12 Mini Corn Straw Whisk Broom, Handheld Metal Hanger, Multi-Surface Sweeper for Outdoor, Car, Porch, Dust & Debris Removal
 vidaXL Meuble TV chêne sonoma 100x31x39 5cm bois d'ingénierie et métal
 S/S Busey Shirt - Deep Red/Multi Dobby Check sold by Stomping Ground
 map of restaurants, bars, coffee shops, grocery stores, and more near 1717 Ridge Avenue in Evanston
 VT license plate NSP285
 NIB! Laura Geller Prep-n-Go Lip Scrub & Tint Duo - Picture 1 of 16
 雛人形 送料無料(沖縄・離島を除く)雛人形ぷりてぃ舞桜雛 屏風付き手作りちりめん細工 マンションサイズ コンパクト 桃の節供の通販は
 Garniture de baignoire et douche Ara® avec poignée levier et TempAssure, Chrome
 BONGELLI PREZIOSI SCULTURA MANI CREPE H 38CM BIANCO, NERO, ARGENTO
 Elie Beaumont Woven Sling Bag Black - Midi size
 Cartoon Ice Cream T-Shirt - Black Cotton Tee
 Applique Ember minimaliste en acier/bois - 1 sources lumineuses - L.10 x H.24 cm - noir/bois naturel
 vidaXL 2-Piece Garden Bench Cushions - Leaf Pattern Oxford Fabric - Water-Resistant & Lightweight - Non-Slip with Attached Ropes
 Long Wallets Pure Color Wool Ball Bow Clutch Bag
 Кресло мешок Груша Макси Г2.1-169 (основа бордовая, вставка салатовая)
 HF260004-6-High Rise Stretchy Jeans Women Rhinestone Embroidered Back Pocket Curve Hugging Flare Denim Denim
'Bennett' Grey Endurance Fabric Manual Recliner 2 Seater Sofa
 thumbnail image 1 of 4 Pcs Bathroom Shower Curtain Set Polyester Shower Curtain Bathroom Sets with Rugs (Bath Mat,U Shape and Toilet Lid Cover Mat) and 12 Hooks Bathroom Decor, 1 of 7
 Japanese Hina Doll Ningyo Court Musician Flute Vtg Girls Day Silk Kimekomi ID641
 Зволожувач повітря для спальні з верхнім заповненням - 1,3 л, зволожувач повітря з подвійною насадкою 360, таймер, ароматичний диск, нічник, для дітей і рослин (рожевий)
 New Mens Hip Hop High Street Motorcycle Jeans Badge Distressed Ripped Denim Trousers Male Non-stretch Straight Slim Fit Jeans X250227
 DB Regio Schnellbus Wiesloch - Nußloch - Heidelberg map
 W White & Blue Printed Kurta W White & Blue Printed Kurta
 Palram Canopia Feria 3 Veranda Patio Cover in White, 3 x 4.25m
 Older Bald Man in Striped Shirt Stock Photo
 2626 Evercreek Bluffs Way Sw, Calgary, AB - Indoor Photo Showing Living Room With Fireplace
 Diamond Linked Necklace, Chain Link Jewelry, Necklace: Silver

▸ Task statement: Where the listing above has a line with "Japanese Hina Doll", start there, and output every line exactly through the line with "Older Bald Man in Striped Shirt Stock Photo", which is also included.

▸ Response for this exercise:
 Japanese Hina Doll Ningyo Court Musician Flute Vtg Girls Day Silk Kimekomi ID641
 Зволожувач повітря для спальні з верхнім заповненням - 1,3 л, зволожувач повітря з подвійною насадкою 360, таймер, ароматичний диск, нічник, для дітей і рослин (рожевий)
 New Mens Hip Hop High Street Motorcycle Jeans Badge Distressed Ripped Denim Trousers Male Non-stretch Straight Slim Fit Jeans X250227
 DB Regio Schnellbus Wiesloch - Nußloch - Heidelberg map
 W White & Blue Printed Kurta W White & Blue Printed Kurta
 Palram Canopia Feria 3 Veranda Patio Cover in White, 3 x 4.25m
 Older Bald Man in Striped Shirt Stock Photo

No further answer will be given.